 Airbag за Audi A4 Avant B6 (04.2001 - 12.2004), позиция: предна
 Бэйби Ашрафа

☆ ☆ ☆

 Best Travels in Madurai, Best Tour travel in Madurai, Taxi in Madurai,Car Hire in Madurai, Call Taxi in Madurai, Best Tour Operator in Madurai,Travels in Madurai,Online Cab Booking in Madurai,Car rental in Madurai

☆ ☆ ☆

Directions for this task » Start with the line above that contains "Airbag за Audi" and stop after the line that contains "Бэйби Ашрафа". Output those lines exactly, and only those.

Exercise response »
 Airbag за Audi A4 Avant B6 (04.2001 - 12.2004), позиция: предна
 Бэйби Ашрафа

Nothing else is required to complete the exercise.